INSTRUCTIONS FOR THE TASK – Starting with the line that contains "Jogo de chaves", return every line through the end of the listing below exactly as written. Omit the pictures.

SOURCE MATERIAL –

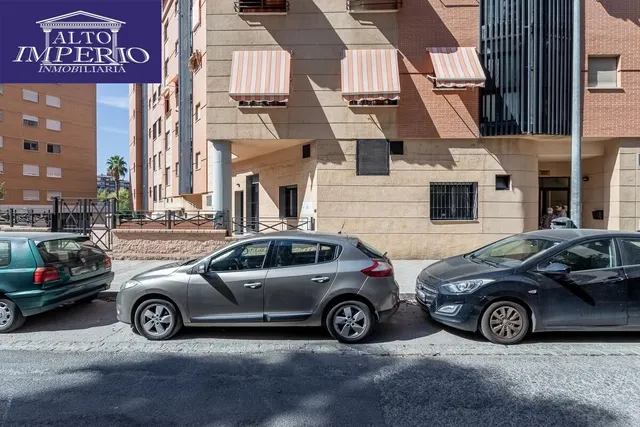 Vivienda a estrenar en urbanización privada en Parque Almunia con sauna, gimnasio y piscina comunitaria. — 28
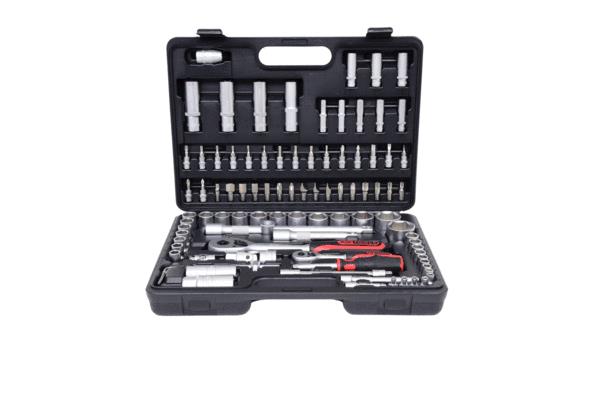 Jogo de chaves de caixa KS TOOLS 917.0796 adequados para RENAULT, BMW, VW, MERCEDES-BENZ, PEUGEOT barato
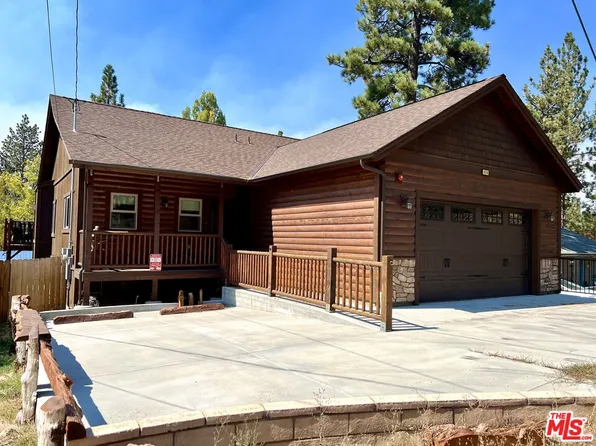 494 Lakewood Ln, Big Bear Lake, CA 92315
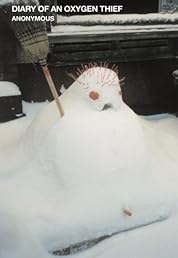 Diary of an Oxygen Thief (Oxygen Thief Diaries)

ANSWER TO THIS PROBLEM –
 Jogo de chaves de caixa KS TOOLS 917.0796 adequados para RENAULT, BMW, VW, MERCEDES-BENZ, PEUGEOT barato
 494 Lakewood Ln, Big Bear Lake, CA 92315
 Diary of an Oxygen Thief (Oxygen Thief Diaries)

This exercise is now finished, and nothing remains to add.